Longtime Halo fans will probably find 343 Industries' most dramatic change on the multiplayer side of the game. Profile progression and XP-based leveling isn't new to the series, but the unlocks you can earn in Halo 4 offer more than just cosmetic enhancements to your armor. Players now have the option of crafting multiple custom loadouts, using gear unlocked through leveling milestones and subsequently purchase with earned tokens (one per level).
In addition to primary weapon, secondary weapon, and grenade, custom classes can also be outfitted with a player-selected Armor Ability as well as the new Tactical Package and Support Upgrade. Both of these are effectively perk slots, offering bonuses like infinite sprint or increased explosive damage.
Then there are Specializations, which stand apart from your custom loadouts. Everyone starts out with the Spartan IV specialization, but players are free to select their own once an XP milestone has been reached. Specializations effectively offer a second leveling track that allows players to unlock additional armor pieces and, once enough XP has been earned, a Specialization-specific perk.
There are eight Specializations in all, though only two are available at launch.
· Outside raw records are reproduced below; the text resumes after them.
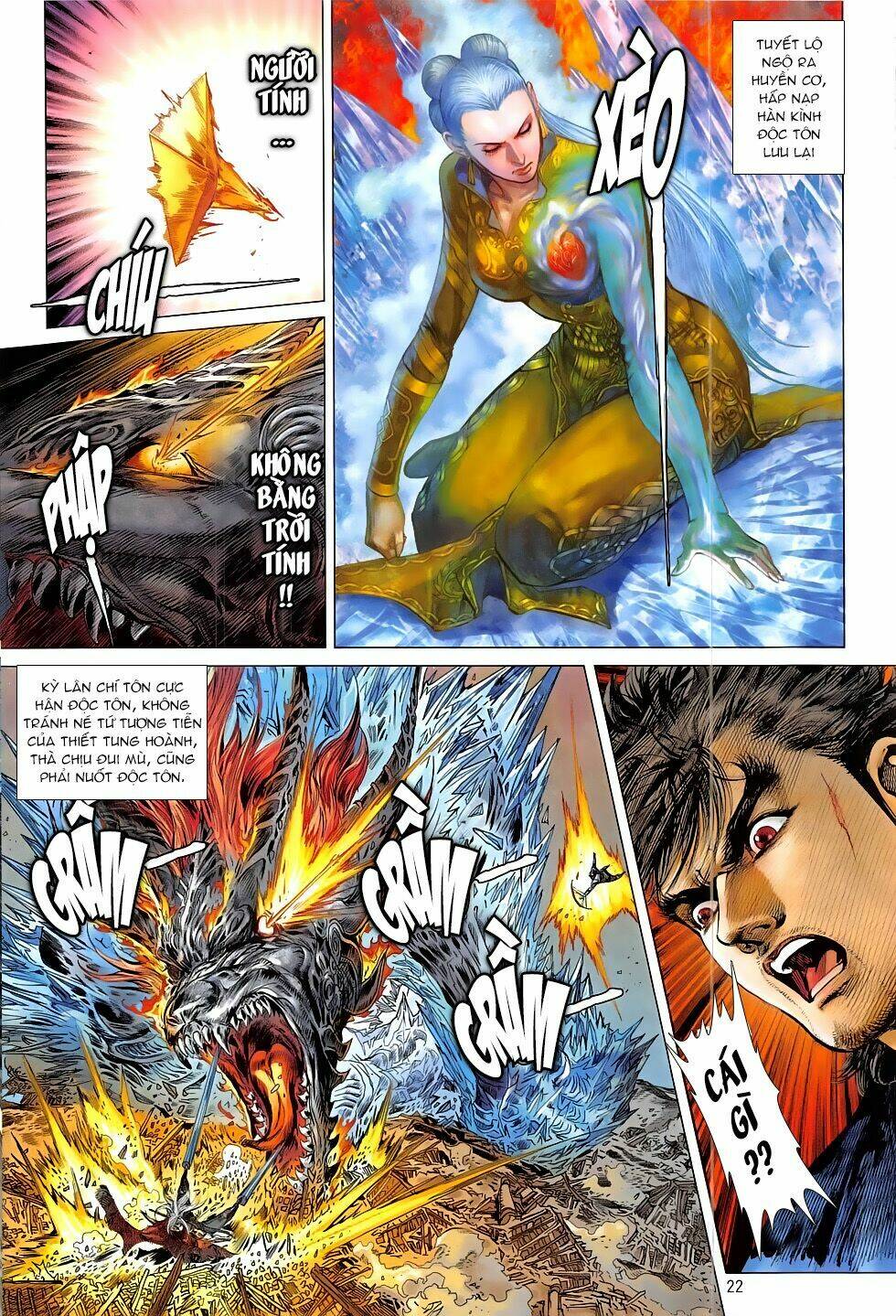 thiết tướng tung hoành (cựu tác) chapter 194 26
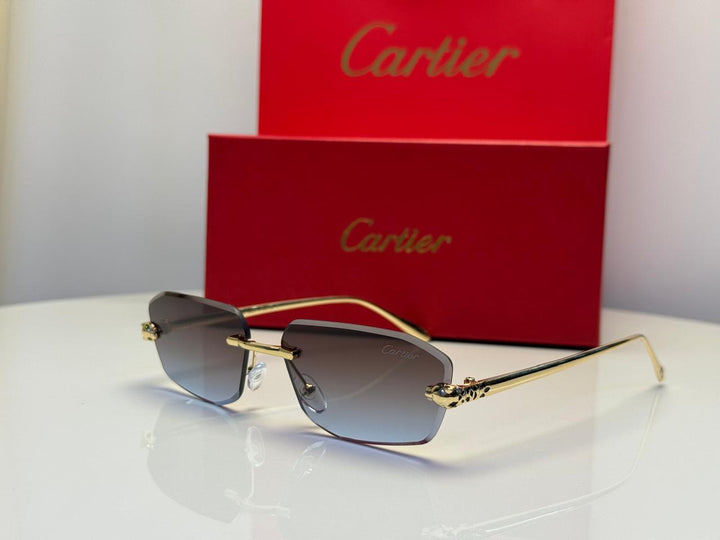 Panthère de Cartier (Gold/Gradient Purple)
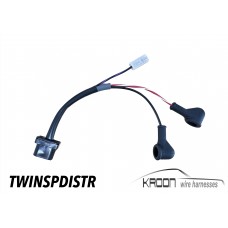 Distributor harness for RSR twinspark distributor 1 x A & 1 x B art.no TWINSPDISTR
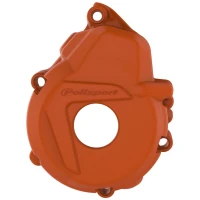 POLISPORT ЗАХИСТ КРИШКИ (DEKLA) ГЕНЕРАТОР KTM EXC-F 250 /350 '17-'23; FREERIDE 250F '18-'19; HUSQVARNA FE 250/350 '17-'22; GAS GAS EC-F 250/350 '21-'22 КОЛІР КОЛІР ПОМАРАНЧ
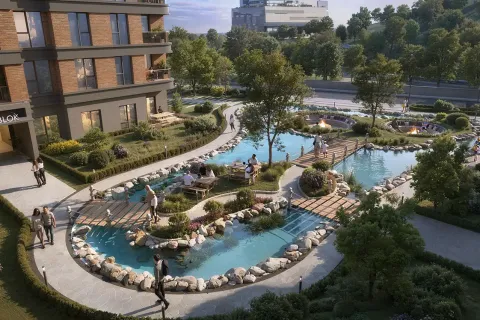 آپارتمان در  Istanbul ، ترکیه  شماره 213382 - 5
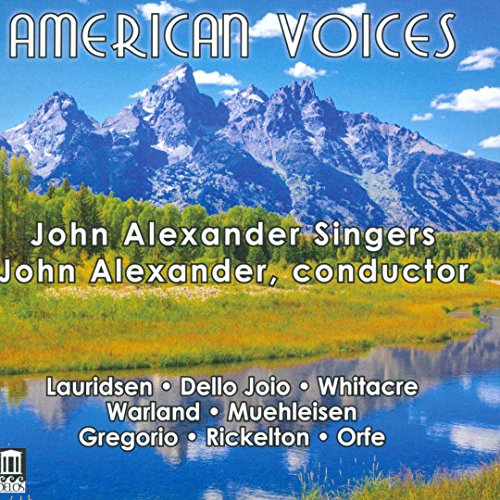John Alexander Singe - American Voices - CD image 1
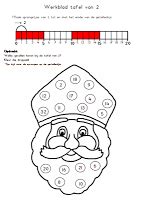 Op kinderspelletjes.nl vind je de leukste verzameling tafels oefenen. Tafel van 2 oefenen - Thema Sinterklaas | Sinterklaas ...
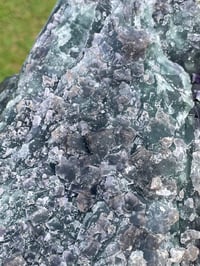Image 9 of Green & Purple Fluorite Slab #1919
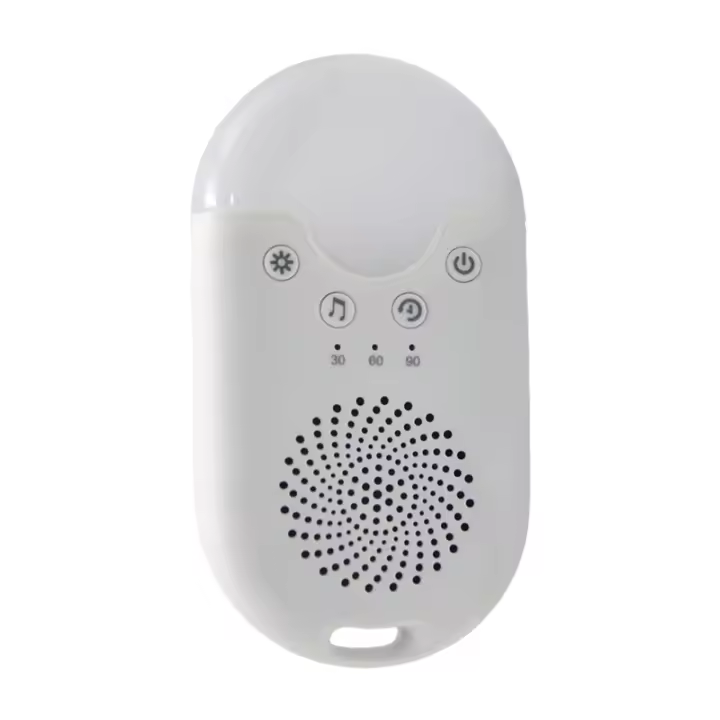 Sonido de Dormir para Bebés Monitor de Normales with Katería Máquina de Ruido Blanco para Bebés Recargable with Temporizador y Luz Nocturna - 1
However, those who pick up the Limited Edition of Halo 4 or those who connect their standard edition to Xbox Live before November 20, 2012 will be able to access all eight Specializations early (once the Spartan IV milestone is reached). All of these customization features are accessible from a separate menu that you can call up by pressing Start at the Infinity menu (or any of its sub-menus).
There are a few other new features as well that only manifest once you're in a match. The big one that should please fans of the previous games: weapon drops are now completely randomized, realized as "Infinity Ordnance" supply drops. You won't have to worry about campers jumping on the rocket launcher spawn anymore since there's no way to predict where that or any other weapon will appear.
Also new is Personal Ordnance, which is sort of analogous with killstreak bonuses that you see in other multiplayer FPS games. As you play and score kills/assists, you fill a meter. Once the meter is topped out, a D-pad prompt appears on the screen that allows you to choose between three different weapons and temporary boosts (such as Overshield) options. Custom loadouts in Halo 4 are restricted to the various human/Covenant/Promethean iterations of assault/battle rifles, so Ordnance drops -- Infinity and Personal both -- offer the only way to get your hands on the good stuff.
Continuing The Story In Spartan Ops
Also new in Halo 4 is Spartan Ops, an episodic series of solo/co-op mini-missions that serves as a replacement for the Firefight survival mode seen in previous games. 343 Industries is committed to releasing 10 weeks of Spartan Ops content post launch, with each week bringing five new missions (for up to four players) and a new cinematic cutscene that continues the post-Halo 4 campaign story.
Your custom loadouts and armor selections (including Specializations) all carry over to Spartan Ops. More importantly, you earn XP in this mode that contributes to your level progression in multiplayer as well. If Halo multiplayer isn't for you but you can't resist the lure of dangling unlockables, Spartan Ops will provide.
The first week's worth of missions are all pretty standard-fare Halo. There's no one tactic that will help you push through them all, though the general Halo strategies outlined above certainly apply. However, it's important to remember that your scoring is influenced by your performance. There's nothing stopping two players from tackling an Op on the Legendary difficulty, but unless they're really good, they stand to earn more XP at a lower difficulty with fewer deaths.